Lesotho has been struggling with the fallout from the pandemic and a sharp decline in revenues from the Southern African Customs Union (SACU); The authorities and the mission team made significant progress in their discussions on policies that could be supported by the IMF under a financial arrangement.

A team from the International Monetary Fund (IMF), led by Mr. Aqib Aslam, conducted a series of virtual missions, most recently from September 7 to October 15, 2021, to discuss the authorities’ economic and financial program and their request for IMF financial support.

The authorities and the mission team had productive discussions on policies that could be supported by the IMF under a financial arrangement. The program under discussion would aim to support a durable post-pandemic recovery, restore fiscal sustainability, strengthen public financial management, and ensure the protection of the most vulnerable. Other key structural reforms to be implemented include strengthening governance and fostering private sector investment to spur inclusive growth and employment over the medium term.

At the end of the visit, Mr. Aslam issued the following statement:

“Lesotho has been experiencing twin economic shocks resulting from the pandemic and a decline in revenues from the Southern African Customs Union (SACU) that have proved to be highly volatile. Public expenditures have been increasing while SACU revenues were buoyant but have not adapted to their decline and the limited growth in other revenue sources.

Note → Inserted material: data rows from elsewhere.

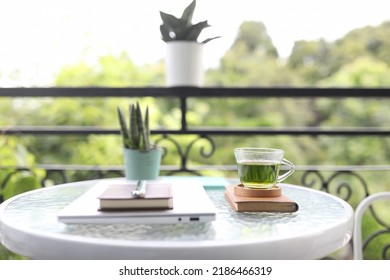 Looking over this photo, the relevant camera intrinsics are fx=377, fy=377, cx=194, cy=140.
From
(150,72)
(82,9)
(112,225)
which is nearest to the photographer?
(112,225)

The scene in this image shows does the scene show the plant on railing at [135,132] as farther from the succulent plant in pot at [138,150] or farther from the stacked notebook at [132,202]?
the stacked notebook at [132,202]

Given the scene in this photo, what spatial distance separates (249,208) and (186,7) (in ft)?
2.36

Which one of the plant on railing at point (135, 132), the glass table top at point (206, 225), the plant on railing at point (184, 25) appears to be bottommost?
the glass table top at point (206, 225)

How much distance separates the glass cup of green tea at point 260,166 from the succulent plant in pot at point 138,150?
0.26 m

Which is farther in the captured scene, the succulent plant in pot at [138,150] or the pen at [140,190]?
the succulent plant in pot at [138,150]

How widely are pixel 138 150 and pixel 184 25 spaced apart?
17.6 inches

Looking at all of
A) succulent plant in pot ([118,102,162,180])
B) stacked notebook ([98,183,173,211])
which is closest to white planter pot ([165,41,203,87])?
succulent plant in pot ([118,102,162,180])

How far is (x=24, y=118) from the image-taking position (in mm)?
2588

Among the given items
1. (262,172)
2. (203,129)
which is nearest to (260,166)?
(262,172)

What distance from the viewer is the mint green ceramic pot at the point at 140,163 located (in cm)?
82

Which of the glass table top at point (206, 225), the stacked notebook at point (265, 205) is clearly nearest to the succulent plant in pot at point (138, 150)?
the glass table top at point (206, 225)

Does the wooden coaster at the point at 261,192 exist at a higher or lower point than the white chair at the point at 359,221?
higher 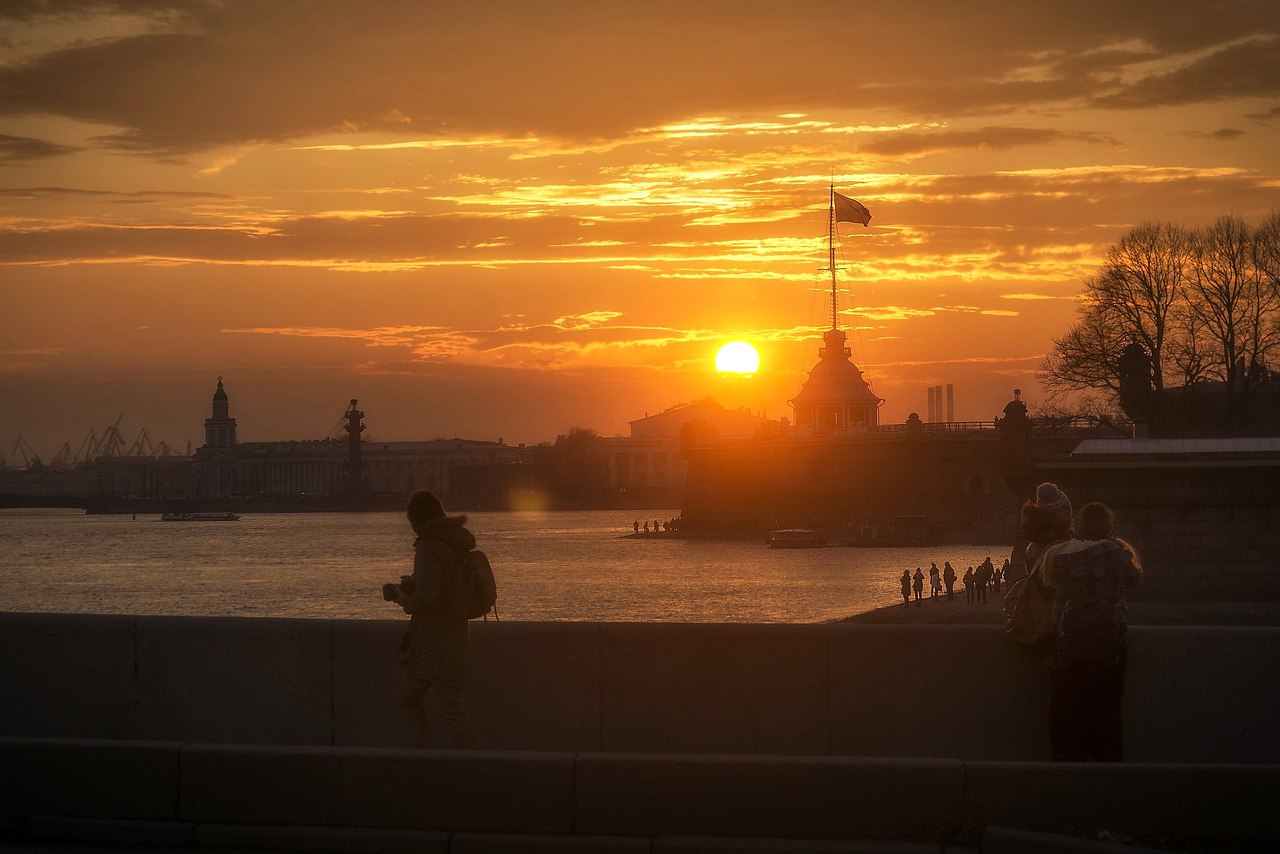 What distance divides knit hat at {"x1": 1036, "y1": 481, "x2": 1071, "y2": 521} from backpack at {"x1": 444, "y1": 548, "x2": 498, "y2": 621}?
118 inches

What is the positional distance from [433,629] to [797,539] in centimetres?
10148

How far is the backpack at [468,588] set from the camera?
8.53 m

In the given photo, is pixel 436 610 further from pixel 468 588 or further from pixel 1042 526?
pixel 1042 526

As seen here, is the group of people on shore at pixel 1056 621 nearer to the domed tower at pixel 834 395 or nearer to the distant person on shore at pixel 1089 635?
the distant person on shore at pixel 1089 635

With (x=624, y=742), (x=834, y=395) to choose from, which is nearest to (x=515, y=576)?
(x=834, y=395)

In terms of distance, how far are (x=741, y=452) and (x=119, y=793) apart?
109535 millimetres

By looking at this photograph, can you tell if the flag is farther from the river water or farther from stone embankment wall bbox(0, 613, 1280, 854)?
stone embankment wall bbox(0, 613, 1280, 854)

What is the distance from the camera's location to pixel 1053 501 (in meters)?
8.88

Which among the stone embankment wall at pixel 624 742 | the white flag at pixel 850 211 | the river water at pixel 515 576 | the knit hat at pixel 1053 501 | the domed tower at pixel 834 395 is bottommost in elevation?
the river water at pixel 515 576

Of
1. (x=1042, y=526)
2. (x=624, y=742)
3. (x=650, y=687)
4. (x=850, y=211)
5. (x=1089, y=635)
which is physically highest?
(x=850, y=211)

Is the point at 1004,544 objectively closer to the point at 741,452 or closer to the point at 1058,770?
the point at 741,452

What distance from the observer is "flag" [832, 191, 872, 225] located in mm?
115688

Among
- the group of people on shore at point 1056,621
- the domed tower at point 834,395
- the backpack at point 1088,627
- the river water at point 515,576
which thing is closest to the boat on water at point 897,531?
the river water at point 515,576

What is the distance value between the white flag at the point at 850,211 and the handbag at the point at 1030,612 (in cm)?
10836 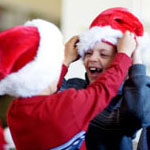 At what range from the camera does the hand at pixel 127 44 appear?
0.83 m

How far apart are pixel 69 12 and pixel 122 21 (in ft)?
3.66

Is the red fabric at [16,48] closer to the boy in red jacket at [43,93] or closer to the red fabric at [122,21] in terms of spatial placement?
the boy in red jacket at [43,93]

At the same time, the economy has been in recession since 2017. The resulting fiscal and external imbalances, if left unaddressed, would continue to put pressure on international reserves and lead to government payment arrears.

“Discussions emphasized the need to support a robust and inclusive post-pandemic recovery. To this end, the mission discussed with the authorities a number of options for containing the fiscal deficit to a level that is sustainable and can be fully financed. The team noted that the adjustment should be focused on expenditure measures while boosting poverty-reducing social spending to protect the most vulnerable. Complementary actions include efforts to broaden financial access and inclusion; strengthen financial supervision; modernize the legal frameworks for bank lending, business rescue, and restructuring, and digitalize payment systems.

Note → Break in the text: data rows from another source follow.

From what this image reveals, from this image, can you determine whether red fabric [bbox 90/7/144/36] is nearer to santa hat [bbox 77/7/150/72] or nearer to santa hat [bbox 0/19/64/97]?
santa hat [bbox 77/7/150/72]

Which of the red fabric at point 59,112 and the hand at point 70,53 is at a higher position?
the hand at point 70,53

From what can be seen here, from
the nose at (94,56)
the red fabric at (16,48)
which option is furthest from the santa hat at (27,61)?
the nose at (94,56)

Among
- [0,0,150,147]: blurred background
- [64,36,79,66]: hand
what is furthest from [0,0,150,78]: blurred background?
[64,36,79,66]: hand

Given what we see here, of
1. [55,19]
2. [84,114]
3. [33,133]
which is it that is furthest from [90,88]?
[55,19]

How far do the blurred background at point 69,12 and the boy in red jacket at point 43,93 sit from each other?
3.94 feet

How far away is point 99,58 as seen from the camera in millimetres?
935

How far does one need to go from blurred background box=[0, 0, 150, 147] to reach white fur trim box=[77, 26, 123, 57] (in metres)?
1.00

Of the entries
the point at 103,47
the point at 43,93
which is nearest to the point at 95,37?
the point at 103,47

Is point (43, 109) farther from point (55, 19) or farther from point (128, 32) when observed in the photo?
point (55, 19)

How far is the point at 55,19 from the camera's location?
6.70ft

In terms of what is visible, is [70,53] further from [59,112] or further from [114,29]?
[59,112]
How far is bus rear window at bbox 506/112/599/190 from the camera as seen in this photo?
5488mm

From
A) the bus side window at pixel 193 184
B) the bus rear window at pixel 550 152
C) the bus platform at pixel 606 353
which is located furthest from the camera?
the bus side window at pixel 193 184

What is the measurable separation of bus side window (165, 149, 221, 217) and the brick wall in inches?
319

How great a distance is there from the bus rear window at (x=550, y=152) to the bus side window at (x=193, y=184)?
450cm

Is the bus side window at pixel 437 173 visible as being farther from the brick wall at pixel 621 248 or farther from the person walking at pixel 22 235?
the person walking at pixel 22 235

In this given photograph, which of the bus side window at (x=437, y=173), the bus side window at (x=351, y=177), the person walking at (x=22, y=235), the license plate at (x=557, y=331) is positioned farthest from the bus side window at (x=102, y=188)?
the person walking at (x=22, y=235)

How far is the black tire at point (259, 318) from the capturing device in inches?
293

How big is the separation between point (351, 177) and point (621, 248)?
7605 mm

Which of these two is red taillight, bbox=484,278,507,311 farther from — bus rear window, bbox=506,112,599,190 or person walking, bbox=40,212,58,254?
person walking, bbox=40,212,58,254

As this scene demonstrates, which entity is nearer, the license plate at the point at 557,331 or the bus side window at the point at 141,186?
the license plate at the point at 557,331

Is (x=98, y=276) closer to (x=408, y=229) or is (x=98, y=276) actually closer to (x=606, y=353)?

“On the fiscal front, efforts should focus on addressing the public sector wage bill, which is one of the largest in the world compared to the size of the economy; saving on public sector and official allowances; better targeting education loans; streamlining the capital budget and initiating gender-responsive budgeting. Discussions also considered measures to modernize tax policy and improve domestic revenue mobilization. The mission noted the need to address long-standing PFM issues to ensure the provision of reliable fiscal data, the integrity of government systems, and the sound use of public resources.

“Significant progress was made during the visit, and discussions will continue in the coming weeks. If agreement is reached on policy measures in support of the reform program, an arrangement to support Lesotho’s economic program would be proposed for the IMF Executive Board’s consideration.

“The IMF team thanks the authorities for their hospitality and constructive discussions.”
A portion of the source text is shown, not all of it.